● Task: From the data underneath, reproduce exactly the stretch that begins at the line with "Bluebirds enjoying the birdbath" and ends after the line with "Photo of Others in Port Charlotte".

● Data items:
• • • • •

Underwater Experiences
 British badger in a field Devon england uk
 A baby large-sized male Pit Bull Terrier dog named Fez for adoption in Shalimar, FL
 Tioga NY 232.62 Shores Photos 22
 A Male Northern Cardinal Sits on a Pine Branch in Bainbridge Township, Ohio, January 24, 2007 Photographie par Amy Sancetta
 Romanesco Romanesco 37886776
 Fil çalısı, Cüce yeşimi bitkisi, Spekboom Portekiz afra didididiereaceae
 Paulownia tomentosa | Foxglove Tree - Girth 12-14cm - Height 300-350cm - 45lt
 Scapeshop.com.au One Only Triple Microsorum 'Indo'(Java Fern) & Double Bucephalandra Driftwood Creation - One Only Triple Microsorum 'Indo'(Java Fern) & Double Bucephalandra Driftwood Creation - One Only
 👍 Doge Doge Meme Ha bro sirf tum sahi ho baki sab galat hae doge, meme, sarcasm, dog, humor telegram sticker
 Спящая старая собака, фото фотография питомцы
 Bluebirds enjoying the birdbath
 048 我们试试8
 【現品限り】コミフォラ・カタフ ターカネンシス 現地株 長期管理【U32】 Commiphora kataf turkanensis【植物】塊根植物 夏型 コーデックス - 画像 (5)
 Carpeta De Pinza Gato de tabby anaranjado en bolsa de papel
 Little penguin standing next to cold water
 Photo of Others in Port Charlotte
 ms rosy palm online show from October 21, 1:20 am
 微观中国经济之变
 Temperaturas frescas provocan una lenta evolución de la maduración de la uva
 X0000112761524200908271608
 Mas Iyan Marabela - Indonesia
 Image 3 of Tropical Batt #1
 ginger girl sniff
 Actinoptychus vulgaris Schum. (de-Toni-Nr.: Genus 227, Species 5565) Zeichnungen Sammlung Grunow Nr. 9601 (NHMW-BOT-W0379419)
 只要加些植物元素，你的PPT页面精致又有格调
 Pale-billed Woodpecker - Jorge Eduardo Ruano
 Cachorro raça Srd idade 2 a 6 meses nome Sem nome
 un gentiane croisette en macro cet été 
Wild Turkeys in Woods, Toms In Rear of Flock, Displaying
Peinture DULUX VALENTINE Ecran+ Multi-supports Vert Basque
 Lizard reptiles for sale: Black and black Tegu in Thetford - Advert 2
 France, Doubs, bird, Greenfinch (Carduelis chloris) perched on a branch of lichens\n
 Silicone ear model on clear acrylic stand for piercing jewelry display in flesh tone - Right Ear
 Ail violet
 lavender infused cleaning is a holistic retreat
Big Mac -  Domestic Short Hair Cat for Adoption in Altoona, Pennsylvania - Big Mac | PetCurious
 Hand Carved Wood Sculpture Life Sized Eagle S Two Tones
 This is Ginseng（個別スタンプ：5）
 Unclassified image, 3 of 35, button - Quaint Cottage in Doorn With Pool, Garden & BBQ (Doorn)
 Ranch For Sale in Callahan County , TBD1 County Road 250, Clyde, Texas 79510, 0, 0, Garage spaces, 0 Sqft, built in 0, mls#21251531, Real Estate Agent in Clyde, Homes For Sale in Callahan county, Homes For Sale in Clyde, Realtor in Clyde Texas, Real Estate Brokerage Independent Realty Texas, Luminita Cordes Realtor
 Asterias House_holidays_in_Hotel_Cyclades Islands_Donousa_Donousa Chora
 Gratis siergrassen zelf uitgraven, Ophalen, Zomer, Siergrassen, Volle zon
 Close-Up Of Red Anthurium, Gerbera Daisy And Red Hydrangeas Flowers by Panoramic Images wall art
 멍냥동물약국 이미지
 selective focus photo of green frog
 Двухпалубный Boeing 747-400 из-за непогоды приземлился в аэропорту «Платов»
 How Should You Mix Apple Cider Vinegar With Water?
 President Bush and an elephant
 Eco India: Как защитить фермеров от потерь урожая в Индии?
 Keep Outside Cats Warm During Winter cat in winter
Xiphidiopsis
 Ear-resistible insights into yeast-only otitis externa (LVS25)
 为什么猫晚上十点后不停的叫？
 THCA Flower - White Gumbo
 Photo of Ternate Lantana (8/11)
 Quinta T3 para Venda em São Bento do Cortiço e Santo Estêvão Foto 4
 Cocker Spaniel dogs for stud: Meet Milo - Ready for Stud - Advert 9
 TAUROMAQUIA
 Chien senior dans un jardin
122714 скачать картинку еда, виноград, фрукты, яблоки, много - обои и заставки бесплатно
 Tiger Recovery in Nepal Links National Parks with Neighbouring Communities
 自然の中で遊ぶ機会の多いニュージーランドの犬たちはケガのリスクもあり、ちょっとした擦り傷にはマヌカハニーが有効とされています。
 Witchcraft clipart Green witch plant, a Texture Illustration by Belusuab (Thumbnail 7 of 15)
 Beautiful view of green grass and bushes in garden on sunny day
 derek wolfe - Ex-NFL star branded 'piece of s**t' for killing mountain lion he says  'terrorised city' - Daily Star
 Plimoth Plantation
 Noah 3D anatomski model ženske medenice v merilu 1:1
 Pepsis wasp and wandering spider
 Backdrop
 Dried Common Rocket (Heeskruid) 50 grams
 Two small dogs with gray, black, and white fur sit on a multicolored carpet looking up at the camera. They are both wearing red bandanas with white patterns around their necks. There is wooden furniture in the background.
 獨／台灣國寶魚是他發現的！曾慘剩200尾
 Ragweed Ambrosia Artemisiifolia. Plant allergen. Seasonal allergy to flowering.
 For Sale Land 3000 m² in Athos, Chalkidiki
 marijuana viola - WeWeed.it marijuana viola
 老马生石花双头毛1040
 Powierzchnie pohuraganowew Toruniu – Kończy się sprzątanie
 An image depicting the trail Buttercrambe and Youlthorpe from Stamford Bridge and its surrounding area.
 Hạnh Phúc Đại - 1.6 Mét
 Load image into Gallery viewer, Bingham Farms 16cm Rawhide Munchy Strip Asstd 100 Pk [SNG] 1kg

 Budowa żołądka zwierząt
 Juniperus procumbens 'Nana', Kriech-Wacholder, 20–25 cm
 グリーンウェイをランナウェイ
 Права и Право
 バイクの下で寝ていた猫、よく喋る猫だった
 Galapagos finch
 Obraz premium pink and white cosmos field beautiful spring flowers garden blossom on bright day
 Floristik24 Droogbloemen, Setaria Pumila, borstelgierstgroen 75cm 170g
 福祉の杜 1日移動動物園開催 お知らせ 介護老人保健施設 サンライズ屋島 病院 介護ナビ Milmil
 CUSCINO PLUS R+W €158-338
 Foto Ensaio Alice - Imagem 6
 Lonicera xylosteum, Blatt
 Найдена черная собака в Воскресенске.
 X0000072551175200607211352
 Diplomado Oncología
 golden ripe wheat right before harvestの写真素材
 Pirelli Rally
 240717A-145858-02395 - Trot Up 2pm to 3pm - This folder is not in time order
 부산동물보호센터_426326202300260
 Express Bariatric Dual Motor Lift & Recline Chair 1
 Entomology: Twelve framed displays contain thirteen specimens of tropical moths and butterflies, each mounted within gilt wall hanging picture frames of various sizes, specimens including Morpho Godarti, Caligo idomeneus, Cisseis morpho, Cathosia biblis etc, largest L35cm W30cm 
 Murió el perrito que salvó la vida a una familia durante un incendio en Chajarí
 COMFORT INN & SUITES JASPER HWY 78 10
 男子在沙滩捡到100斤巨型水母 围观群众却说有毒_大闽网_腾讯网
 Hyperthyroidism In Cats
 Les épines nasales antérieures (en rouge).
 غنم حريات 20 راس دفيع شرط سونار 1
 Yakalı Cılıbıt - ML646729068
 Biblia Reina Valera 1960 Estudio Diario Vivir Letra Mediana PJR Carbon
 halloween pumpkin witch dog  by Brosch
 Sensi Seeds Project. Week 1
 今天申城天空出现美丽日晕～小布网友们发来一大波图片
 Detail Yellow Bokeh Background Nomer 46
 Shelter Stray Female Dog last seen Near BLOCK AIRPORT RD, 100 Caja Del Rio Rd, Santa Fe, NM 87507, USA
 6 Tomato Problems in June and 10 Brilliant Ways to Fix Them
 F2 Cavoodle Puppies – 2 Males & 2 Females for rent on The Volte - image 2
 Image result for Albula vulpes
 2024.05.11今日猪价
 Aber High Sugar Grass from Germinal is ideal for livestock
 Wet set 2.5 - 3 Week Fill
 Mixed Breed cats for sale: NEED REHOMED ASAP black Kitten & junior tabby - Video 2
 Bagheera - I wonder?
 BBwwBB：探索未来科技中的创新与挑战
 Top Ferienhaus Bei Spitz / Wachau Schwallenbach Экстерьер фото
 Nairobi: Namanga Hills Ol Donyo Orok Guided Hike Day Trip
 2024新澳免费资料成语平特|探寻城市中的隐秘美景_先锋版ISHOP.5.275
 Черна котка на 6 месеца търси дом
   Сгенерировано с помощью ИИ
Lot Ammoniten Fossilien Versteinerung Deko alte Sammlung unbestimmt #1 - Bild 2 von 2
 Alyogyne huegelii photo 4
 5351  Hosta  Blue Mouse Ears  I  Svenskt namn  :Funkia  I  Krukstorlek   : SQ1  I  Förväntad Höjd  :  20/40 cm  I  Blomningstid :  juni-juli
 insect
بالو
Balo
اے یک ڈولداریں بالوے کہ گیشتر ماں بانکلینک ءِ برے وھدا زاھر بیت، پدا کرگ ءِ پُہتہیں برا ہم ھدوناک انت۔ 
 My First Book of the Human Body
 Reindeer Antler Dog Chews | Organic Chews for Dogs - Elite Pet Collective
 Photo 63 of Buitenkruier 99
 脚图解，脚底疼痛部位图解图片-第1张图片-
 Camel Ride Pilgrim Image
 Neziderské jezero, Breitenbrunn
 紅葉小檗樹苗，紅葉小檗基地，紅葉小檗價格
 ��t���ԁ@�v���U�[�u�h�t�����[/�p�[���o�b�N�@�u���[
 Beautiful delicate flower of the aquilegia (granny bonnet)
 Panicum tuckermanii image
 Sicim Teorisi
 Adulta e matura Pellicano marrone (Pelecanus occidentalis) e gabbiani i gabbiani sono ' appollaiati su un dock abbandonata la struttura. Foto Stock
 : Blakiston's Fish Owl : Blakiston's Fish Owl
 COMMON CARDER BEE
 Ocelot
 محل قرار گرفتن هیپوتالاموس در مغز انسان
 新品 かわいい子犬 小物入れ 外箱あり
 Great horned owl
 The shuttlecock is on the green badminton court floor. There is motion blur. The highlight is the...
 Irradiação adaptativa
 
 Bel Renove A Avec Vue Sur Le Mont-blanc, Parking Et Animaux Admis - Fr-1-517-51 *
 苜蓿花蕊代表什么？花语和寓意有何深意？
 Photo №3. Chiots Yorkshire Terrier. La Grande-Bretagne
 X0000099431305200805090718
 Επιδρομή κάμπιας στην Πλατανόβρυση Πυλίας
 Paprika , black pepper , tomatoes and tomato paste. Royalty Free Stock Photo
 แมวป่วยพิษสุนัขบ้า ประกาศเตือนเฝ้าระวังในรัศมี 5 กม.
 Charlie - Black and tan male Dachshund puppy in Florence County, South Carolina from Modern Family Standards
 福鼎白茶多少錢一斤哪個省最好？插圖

• • • • •

● Reply:
 Bluebirds enjoying the birdbath
 048 我们试试8
 【現品限り】コミフォラ・カタフ ターカネンシス 現地株 長期管理【U32】 Commiphora kataf turkanensis【植物】塊根植物 夏型 コーデックス - 画像 (5)
 Carpeta De Pinza Gato de tabby anaranjado en bolsa de papel
 Little penguin standing next to cold water
 Photo of Others in Port Charlotte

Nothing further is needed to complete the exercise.